Some academics and journalists saw a “rural crisis” in what amounted to “a new inner city” (Adamy & Overberg, 2017), reflected by rising mortality rates among non-college-educated, middle-aged white people, often from opioid overdoses, alcohol and suicide (Case & Deaton, 2017). Others documented a resentment among rural voters of urban elites that developed before 2016 (Cramer, 2015) and was displayed in the election results (Cramer, 2016). Since then, polling has further established anti-elite feeling as a strong political factor among rural voters (Lewis, 2018). One survey suggested that the rural-urban divide is driven by suspicion (more so in rural areas) that people in other types of communities look down on them (Knight, 2020), and an earlier survey found that most rural Americans, and probably most urban Americans, “perceive an urban-rural divide over values” (Bialik, June 2018).
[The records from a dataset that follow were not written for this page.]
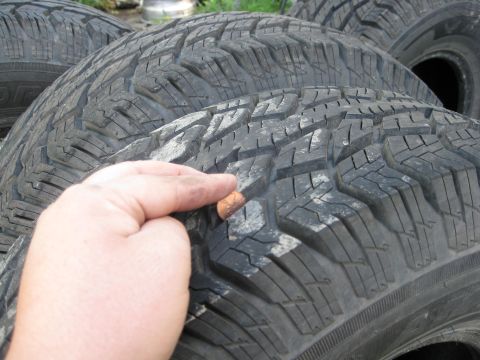 Tires with visible tread wear and a finger pointing to a small object embedded in the tread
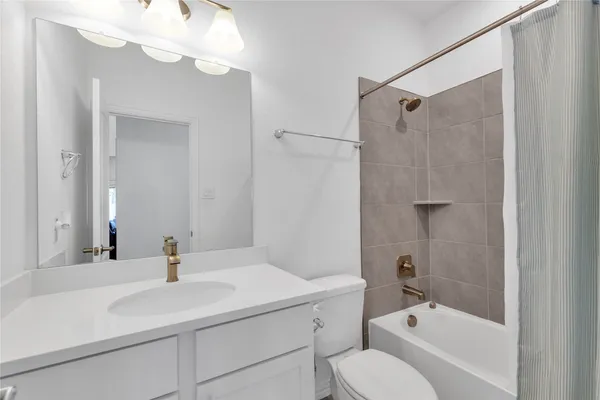 a bathroom with a sink toilet tub and shower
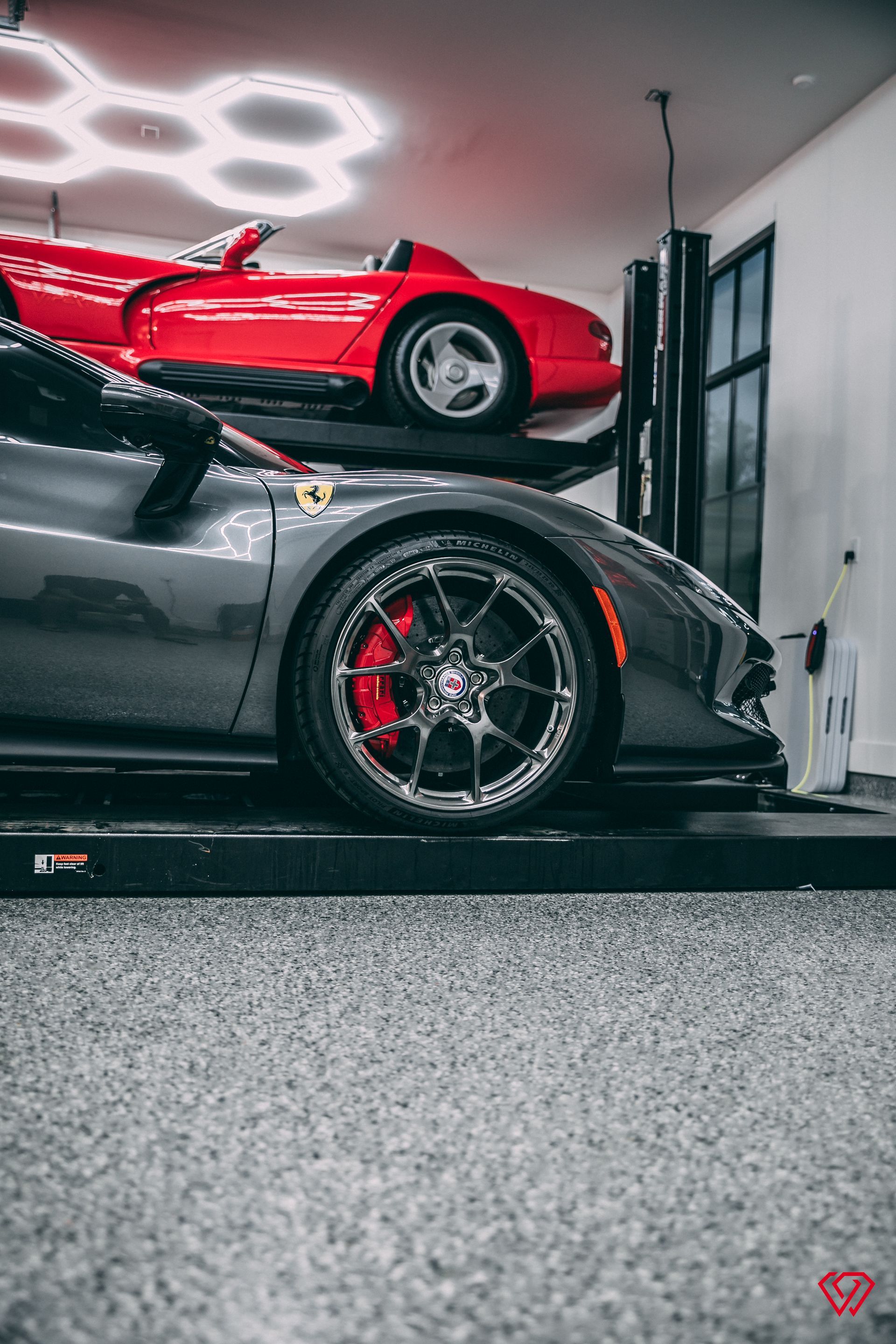 Gray Ferrari below a red convertible on a car lift in a garage.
Social and Cultural Factors Prevail: The Run-up to 2016
As researchers
delved deeper into the 2016 election results and demographic trends, they
concluded that the Trump vote was driven more by social and cultural concerns
than by economics. Rural areas had more economic stress, but they also are
highly reflective of those social and cultural concerns. And the three concerns
are related, especially when it comes to immigration.
Trump
voters in 2016 were much more likely to agree that “Whites can’t find jobs
because employers are hiring people of color” (McElwee, 2017) and that
immigration may be the issue that most divides rural and urban Americans
(DelReal & Clement, 2017). In the 2016 Republican primaries, Trump did best
in counties that had recently seen an influx of immigrants, especially Latinx
(Adamy & Overberg, 2016). Aside from identification with the Republican
Party, “fears about immigrants and cultural displacement were more powerful
factors than economic concerns in predicting support for Trump among white
working-class voters.” Rural counties are disproportionately populated by
non-college-educated whites, who also were the strongest supporters of Trump’s
trade policies (Cox, et al., 2016).
Non-college-educated
whites belong disproportionately to evangelical religious denominations,
another key part of Trump’s base. “Their conservative reaction to demographic
change is at the heart of their political agenda and perhaps a response to
increasing racial diversity within their own religious community,” Janelle Wong
wrote, based on her research (Won, 2018a). She predicted in her 2018
scholarship that “[t]he racial fears and anxieties that underlie their support
for the president will probably remain the driver in their political views long
after he leaves office” (Wong, 2018b).
Trump’s presidency “revealed the complete fusion of evangelical Christianity and conservative politics,” New York Times religion reporter Elisabeth Dias wrote in 2020. The core of her analysis was this (emphasis added): “Evangelicals did not support Mr. Trump in spite of who he is. They supported him because of who he is, and because of who they are. He is their protector, the bully who is on their side, the one who offered safety amid their fears that their country as they know it, and their place in it, is changing, and changing quickly.”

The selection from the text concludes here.